When an expedition returns from Cairo to exhibit their finds at the Metropolitan Museum of Art, Gabriel takes a keen interest. An old friend and lover – a girl called Ginny, who he hasn’t seen for over a year – was part of the expedition.
Something’s not right with Ginny, however, and not just the fact she’s still drinking… something happened to her in Cairo, out on the dig. Something that’s related to a strange cult known as The Circle of Thoth, a baboon with a clockwork eye, dust devils on Fifth Avenue, robed assassins, sacrificial rites, a ‘resurrection machine’ and a ghostly figure clad in trailing bandages, seen floating over the rooftops of the city.
Ancient forces are stirring, and the Ghost, Ginny and Gabriel’s friend Donovan are caught right in the middle…
The Ghost is back and, as usual, in the thick of it! Playboy Gabriel Cross takes to his alter ego, the crime-fighting vigilante with gusto. We get the sense that this is starting to take its toll on him as he spends most of this entry in poor physical condition with very little chance to recover from injury. It's no wonder he drinks and smokes heavily when off duty! This is of course set in an alternate Steampunk 1920s universe, so health, safety and longevity are not chief concerns.
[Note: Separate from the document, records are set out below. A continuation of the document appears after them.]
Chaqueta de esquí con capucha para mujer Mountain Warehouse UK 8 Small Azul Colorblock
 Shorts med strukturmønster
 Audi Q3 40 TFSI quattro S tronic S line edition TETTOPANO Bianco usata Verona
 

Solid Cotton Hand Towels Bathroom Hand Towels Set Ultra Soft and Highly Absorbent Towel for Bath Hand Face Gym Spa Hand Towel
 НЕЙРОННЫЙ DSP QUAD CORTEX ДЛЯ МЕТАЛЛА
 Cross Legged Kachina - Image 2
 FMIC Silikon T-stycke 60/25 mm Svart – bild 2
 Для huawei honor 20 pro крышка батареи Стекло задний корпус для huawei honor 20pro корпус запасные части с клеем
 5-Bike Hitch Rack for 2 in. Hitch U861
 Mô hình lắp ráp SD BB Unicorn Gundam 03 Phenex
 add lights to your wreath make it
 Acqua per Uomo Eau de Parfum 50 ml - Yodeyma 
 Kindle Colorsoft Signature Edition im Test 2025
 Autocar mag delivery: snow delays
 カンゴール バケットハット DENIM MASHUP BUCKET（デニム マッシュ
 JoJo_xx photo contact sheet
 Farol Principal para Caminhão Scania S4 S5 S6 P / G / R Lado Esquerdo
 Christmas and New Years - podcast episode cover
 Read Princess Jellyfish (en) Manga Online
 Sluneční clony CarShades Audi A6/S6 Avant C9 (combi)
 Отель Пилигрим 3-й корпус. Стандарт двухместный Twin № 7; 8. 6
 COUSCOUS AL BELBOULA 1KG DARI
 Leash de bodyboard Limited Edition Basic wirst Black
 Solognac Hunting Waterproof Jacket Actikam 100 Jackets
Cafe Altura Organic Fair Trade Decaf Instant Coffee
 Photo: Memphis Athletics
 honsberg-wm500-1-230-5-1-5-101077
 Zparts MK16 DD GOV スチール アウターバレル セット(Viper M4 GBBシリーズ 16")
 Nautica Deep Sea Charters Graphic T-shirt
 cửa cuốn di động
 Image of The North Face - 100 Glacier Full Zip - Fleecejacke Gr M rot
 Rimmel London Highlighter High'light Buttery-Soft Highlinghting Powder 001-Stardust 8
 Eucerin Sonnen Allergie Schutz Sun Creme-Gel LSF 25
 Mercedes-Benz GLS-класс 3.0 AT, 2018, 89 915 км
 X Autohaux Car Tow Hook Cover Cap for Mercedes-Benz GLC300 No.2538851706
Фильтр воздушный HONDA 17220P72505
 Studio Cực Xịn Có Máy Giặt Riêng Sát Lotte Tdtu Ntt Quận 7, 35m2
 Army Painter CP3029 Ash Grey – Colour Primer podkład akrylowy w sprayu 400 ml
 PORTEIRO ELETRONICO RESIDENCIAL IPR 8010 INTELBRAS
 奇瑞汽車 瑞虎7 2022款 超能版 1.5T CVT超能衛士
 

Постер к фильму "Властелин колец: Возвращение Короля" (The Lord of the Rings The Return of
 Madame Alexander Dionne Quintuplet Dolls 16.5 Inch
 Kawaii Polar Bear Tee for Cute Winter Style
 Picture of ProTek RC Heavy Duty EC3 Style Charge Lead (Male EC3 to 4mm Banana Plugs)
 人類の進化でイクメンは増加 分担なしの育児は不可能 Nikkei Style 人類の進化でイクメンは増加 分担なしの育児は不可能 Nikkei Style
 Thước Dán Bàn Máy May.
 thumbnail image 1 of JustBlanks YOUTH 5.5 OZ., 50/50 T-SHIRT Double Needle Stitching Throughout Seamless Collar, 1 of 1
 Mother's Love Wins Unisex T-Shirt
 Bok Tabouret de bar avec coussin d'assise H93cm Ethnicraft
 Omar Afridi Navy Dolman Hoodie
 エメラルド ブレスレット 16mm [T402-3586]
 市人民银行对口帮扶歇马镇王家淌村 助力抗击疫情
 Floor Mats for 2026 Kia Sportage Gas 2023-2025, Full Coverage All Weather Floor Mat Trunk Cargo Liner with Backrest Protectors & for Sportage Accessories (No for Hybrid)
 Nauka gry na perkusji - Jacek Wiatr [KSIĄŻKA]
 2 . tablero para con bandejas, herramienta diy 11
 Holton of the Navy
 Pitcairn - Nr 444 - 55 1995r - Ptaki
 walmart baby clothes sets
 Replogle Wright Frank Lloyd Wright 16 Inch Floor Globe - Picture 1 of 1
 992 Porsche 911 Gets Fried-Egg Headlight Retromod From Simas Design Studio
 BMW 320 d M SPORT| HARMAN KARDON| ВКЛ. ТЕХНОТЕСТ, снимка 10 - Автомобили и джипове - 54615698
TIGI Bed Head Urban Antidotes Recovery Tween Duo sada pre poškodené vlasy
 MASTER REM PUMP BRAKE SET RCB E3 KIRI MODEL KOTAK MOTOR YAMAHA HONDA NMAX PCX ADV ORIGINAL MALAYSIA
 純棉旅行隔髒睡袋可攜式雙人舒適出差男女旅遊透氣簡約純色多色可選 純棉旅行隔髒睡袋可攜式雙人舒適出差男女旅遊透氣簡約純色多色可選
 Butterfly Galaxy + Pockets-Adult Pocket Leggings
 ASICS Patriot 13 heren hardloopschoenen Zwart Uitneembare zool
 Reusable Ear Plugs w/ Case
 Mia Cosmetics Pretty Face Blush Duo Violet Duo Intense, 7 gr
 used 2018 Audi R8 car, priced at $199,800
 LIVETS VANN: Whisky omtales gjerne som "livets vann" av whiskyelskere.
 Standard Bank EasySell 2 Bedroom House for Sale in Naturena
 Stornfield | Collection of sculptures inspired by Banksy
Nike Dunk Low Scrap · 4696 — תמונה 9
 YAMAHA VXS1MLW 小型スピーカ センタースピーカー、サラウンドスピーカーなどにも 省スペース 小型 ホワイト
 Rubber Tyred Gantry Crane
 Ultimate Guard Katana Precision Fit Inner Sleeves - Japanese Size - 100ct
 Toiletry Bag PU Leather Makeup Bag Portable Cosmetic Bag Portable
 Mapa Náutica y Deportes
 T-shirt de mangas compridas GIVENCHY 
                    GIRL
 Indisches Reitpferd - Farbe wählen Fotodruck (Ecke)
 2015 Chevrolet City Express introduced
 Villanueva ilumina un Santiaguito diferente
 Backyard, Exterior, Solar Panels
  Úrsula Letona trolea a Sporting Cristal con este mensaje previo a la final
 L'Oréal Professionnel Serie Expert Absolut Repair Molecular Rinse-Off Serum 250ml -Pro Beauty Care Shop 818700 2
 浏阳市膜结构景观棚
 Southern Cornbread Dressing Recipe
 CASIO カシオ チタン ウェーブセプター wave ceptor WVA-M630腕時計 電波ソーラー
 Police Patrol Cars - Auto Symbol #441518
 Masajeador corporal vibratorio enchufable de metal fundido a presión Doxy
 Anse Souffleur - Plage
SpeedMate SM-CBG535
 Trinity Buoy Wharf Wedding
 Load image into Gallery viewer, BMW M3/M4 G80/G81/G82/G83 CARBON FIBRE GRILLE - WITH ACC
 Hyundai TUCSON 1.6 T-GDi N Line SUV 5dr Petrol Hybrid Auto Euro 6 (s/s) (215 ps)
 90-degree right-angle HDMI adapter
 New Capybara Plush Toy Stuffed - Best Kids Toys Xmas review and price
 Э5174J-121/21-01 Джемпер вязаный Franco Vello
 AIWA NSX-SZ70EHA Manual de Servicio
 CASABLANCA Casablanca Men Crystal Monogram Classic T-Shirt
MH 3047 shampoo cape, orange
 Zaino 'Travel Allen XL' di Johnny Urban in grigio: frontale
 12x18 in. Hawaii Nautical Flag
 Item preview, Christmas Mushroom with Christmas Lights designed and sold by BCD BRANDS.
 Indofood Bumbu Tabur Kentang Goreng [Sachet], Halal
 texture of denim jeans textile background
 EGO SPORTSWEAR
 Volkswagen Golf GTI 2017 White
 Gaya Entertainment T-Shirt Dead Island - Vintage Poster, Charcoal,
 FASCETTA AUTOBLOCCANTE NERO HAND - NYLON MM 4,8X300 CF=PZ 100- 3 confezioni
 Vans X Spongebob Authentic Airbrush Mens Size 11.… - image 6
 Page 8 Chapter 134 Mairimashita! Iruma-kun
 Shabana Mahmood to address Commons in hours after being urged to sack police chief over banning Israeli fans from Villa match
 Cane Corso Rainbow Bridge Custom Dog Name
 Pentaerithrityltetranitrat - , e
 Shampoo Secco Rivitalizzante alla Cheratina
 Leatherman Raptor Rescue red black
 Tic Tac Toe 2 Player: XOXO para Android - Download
Newbury and Hobbes author George Mann is clearly having a great time with his other creation here. Right from the start we are thrust into the mayhem of a rooftop battle in NYC. You can not accuse the Ghost novels of being dull. I thoroughly enjoyed the mixture of 1920s gangsters meeting the ancient mysticism of Egypt.
What I enjoy the most are the rich characters found within this story: Donovan, the tough, world-weary, rumpled city detective, his eager partner Mullins; Ginny, the icy blonde girlfriend of Cross. Astrid the stylish, beautiful, self-styled occult detective is great fun, and it was a shame that there was not more of her in this entry. Amaury, a mysterious and driven French archaeologist and Abbadeli, a dapper, charming, yet menacing mob boss round out the cast.
I thoroughly enjoyed the dialogue and the nuances the characters exhibit. Particularly a scene involving Donovan, Mullins and Abbadeli is intriguing as it delves into how the characters are feeling and just how important it is to 'put up a front' when living in this dangerous, unpredictable world. Touches like this make this more than just a formulaic hero romp. If the character interaction is a strong selling point for this latest adventure; its main flaw is that after setting all the Egyptian occultism up so well, the novel gets resolved a little too swiftly.
The universe Mann has created is great fun and there are going to be more Ghost adventures, I just hope we get more depth and detective work thrown into the mix of monsters and science fiction next time.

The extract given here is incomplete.